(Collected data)
* * * * * * * * *
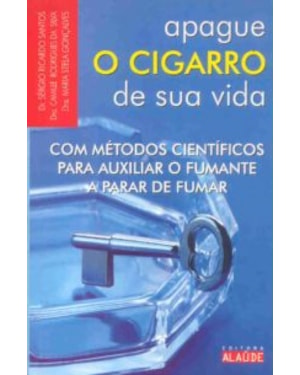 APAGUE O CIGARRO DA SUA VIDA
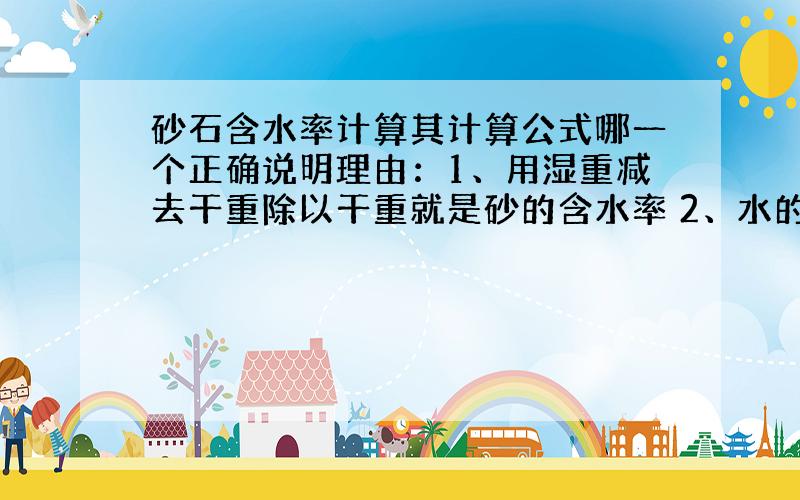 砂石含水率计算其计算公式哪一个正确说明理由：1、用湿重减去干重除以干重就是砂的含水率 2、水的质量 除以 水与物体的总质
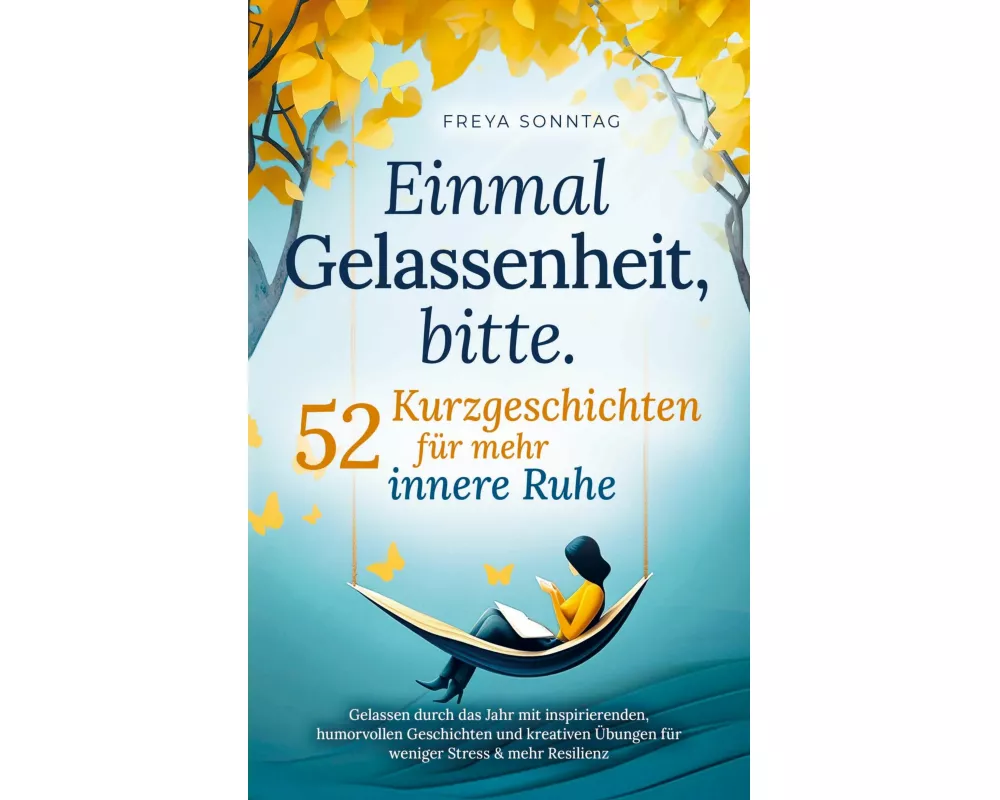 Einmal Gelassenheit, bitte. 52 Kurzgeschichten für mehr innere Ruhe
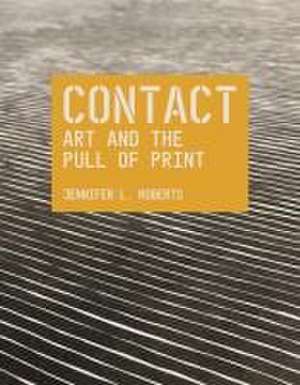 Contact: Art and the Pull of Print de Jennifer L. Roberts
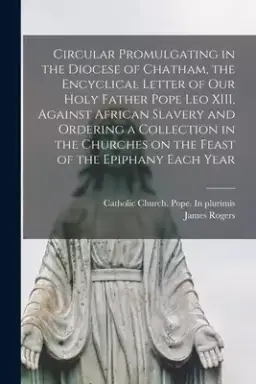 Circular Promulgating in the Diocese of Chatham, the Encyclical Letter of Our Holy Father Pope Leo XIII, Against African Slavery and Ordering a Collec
* * * * * * * * *
◆ WHAT TO PRODUCE:
Only the lines from the one containing "Contact: Art and" through the final line of the records should be retyped, exactly, with every picture omitted.

◆ RESULT OF THE TASK:
 Contact: Art and the Pull of Print de Jennifer L. Roberts
 Circular Promulgating in the Diocese of Chatham, the Encyclical Letter of Our Holy Father Pope Leo XIII, Against African Slavery and Ordering a Collec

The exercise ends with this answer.